Sean Hamilton wrote:

> What is the first parameter to select(2) for? Microsoft's select ignores it,
> and it does not appear to have any valid use since it only allows
> constraints on values which are assigned by the system.
>
> Purely historic?



Ah, you've been reading the Winsock documentation.


fd_set is usually a fixed-size bitmask of filedescriptors (this implementation isn't guaranteed, but I haven't seen another). The number of bits corresponds to the maximum number of files a process can have open (according to your header files; tweaks to your kernel and process limits can dictate otherwise).

select() needs to know how many of those bits (descriptors) to scan.
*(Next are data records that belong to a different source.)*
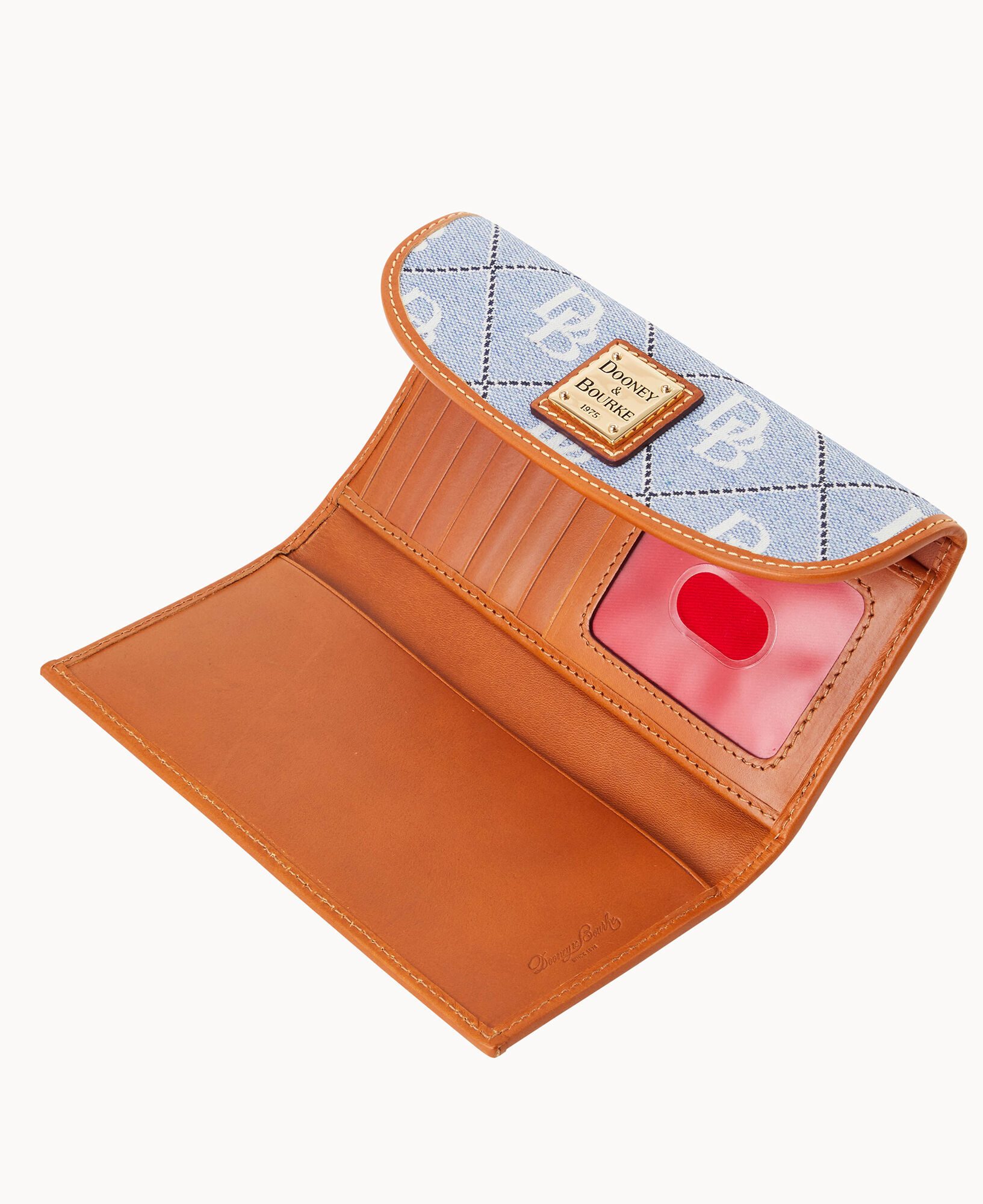 Maxi quilted 2025 dooney and bourke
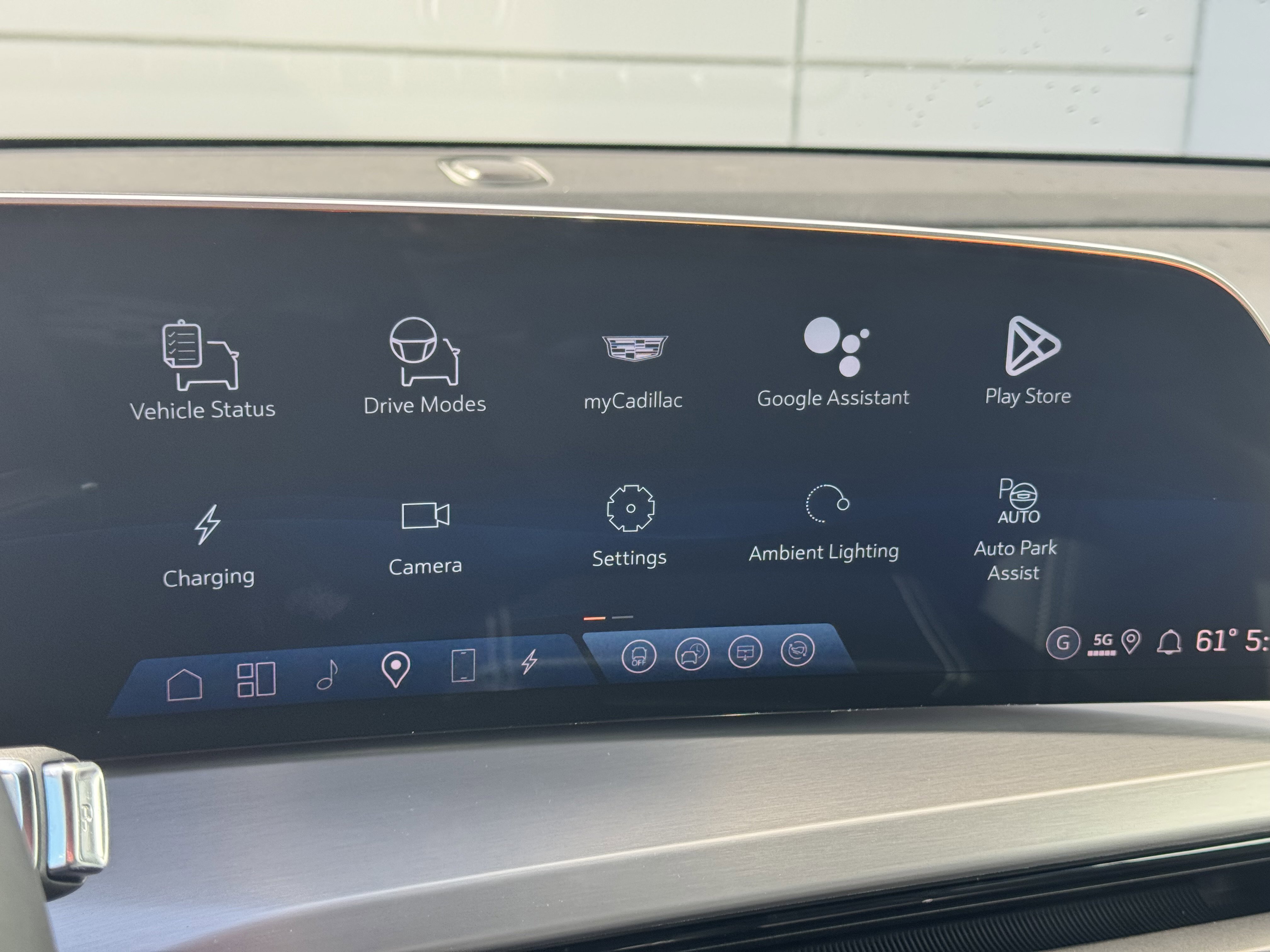 New 2026 Cadillac Vistiq Luxury image 24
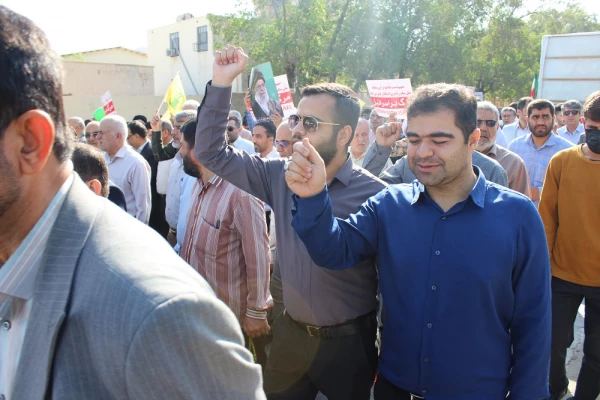 با حضور باشکوه رئیس، مسئولان، کارکنان، اساتید و دانشجومعلمان دانشگاه فرهنگیان استان بوشهر؛
راهپیمایی 13 آبان در بوشهر برگزار شد 8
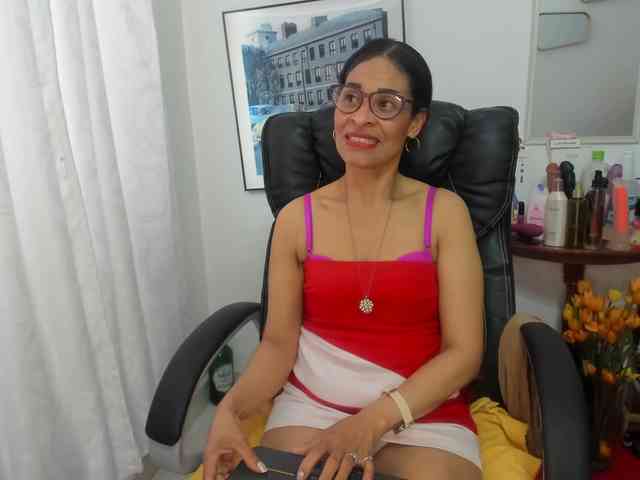 Aries-Mature webcam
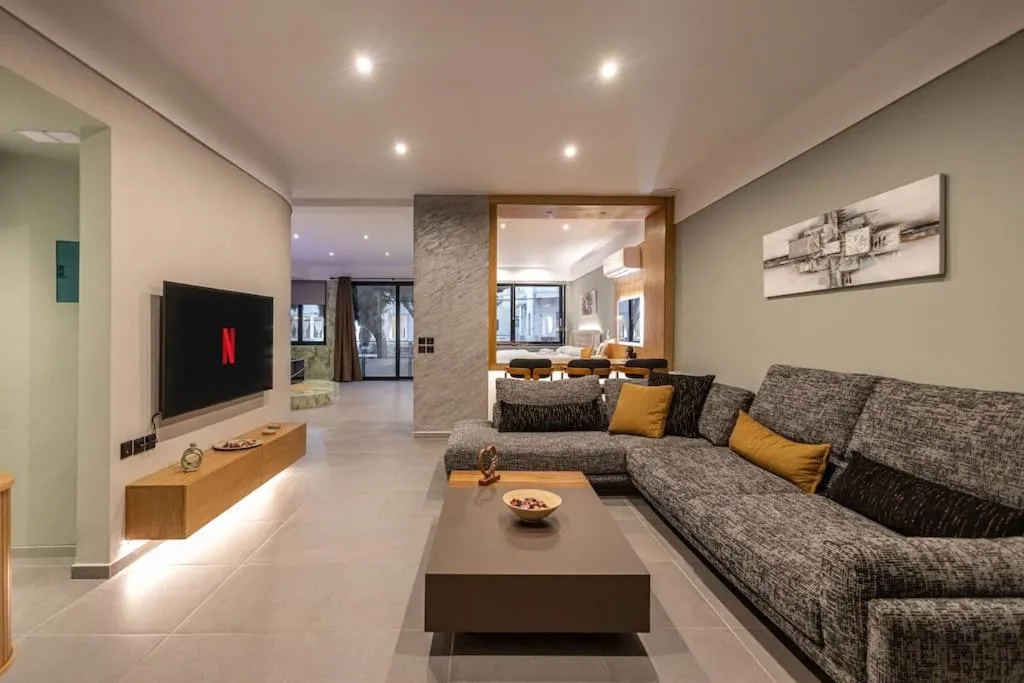 Image 2 of Smaragdi Luxury Jacuzzi Apartment Noho Premium Living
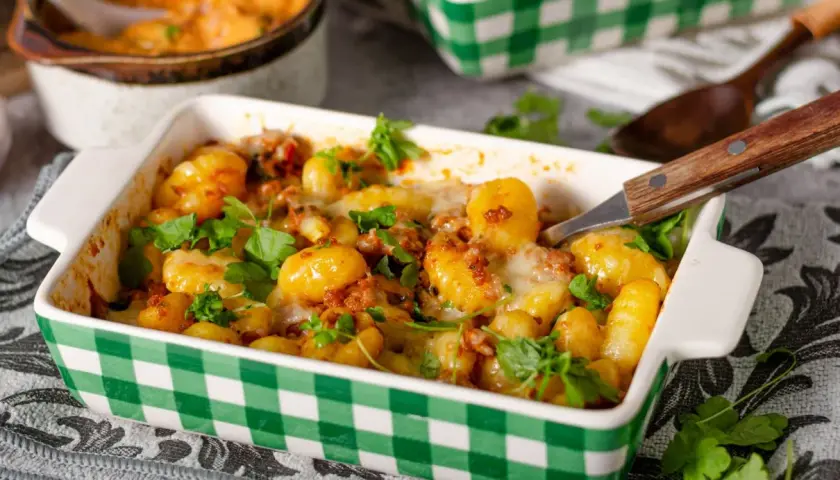 Szybka i pyszna zapiekanka z gnocchi z kurczakiem na obiad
Passing in FD_SETSIZE will tell it to scan all of the bits. But most processes only have a few handles open, so the majority of the scanning goes to waste. Instead (except on Microsoft's Winsock, which always assumes FD_SETSIZE regardless of what you pass in), you can tell it to stop at bit/descriptor N, where N is the highest numbered descriptor in all of the fd_set bitmasks passed to select().

To be honest, I've never passed anything but FD_SETSIZE for this parameter. When I'm writing a performance critical server, I use poll() instead. It's faster and I don't have to reinitialize the fd_set bitmasks on each iteration. It's technically less portable, but I've never had an issue across Solaris, HP-UX, Linux, or FreeBSD.